Granite tor in Lustleigh

Hunter's Tor is a granite tor located in the parish of Lustleigh, on Dartmoor. It is one of two tors with the same name, the other being in the Teign Gorge.

==Location==
Hunter's Tor is in the Lustleigh Cleave, on the apex of a ridge above the River Bovey. The tor is a natural viewpoint, and there is visibility to Haytor, Bowerman's Nose and Hamel Down.

==Hill fort==
The tor is the location for an Iron Age hill fort, probably due to the views and defensibility of the site.
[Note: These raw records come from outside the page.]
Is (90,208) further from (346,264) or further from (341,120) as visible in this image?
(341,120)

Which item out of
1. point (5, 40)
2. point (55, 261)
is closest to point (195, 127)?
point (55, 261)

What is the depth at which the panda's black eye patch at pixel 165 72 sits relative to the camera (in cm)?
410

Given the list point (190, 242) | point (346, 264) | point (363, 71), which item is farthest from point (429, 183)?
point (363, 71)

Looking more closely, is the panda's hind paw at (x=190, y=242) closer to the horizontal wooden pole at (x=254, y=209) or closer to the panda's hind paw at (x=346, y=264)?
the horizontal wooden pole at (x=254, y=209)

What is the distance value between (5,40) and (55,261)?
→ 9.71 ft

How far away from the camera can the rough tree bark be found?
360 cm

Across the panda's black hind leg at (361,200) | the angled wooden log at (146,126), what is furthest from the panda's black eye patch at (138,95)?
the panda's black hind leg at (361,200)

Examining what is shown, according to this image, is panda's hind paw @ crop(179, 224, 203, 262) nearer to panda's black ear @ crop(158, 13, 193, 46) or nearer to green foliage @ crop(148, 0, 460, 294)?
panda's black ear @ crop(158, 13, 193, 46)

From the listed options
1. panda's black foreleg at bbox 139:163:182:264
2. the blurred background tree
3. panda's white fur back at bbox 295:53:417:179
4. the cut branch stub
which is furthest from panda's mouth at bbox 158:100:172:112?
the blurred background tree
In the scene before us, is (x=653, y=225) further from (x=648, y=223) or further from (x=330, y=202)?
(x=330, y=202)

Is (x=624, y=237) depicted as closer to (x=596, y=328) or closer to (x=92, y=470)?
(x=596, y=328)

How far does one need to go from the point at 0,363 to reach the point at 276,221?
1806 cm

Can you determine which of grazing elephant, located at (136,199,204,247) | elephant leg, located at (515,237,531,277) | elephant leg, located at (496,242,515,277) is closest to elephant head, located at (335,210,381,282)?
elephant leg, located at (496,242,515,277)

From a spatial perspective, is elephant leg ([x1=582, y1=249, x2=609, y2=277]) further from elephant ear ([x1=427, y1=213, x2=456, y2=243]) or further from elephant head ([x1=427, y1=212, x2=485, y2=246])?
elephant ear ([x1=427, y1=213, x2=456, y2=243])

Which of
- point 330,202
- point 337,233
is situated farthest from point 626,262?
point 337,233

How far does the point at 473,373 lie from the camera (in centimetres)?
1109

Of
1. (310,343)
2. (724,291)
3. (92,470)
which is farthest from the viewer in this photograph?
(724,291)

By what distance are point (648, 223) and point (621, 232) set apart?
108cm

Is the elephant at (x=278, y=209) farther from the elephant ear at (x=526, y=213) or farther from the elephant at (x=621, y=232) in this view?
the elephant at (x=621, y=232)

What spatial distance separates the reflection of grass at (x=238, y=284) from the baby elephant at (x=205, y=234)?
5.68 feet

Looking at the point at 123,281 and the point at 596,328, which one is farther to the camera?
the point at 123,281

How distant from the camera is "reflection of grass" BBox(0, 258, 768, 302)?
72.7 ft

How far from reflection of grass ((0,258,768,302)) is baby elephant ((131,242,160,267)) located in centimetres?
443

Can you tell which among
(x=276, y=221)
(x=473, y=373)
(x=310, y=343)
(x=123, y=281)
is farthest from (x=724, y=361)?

The hill fort was an oval enclosure which is 116 m long and 70 m wide, and it has three concentric ramparts with shallow ditches to the South East, and two to the North West.

==Settlement==

There is some evidence that the land adjacent to the tor was settled after the Iron Age as the manor of Suðeswyrðe, later Sutreworde

==Ghosts==
There was a reported ghost sighting at Hunter's Tor in 1956, when two female riders came across a mysterious group of a dozen mounted men in medieval costume with greyhounds. The women followed, but the men disappeared without a trace behind a stone wall, with no trace or hoofprints to indicate they were ever there.

There have also been reported ghosts of Roman legionnaires at the tor.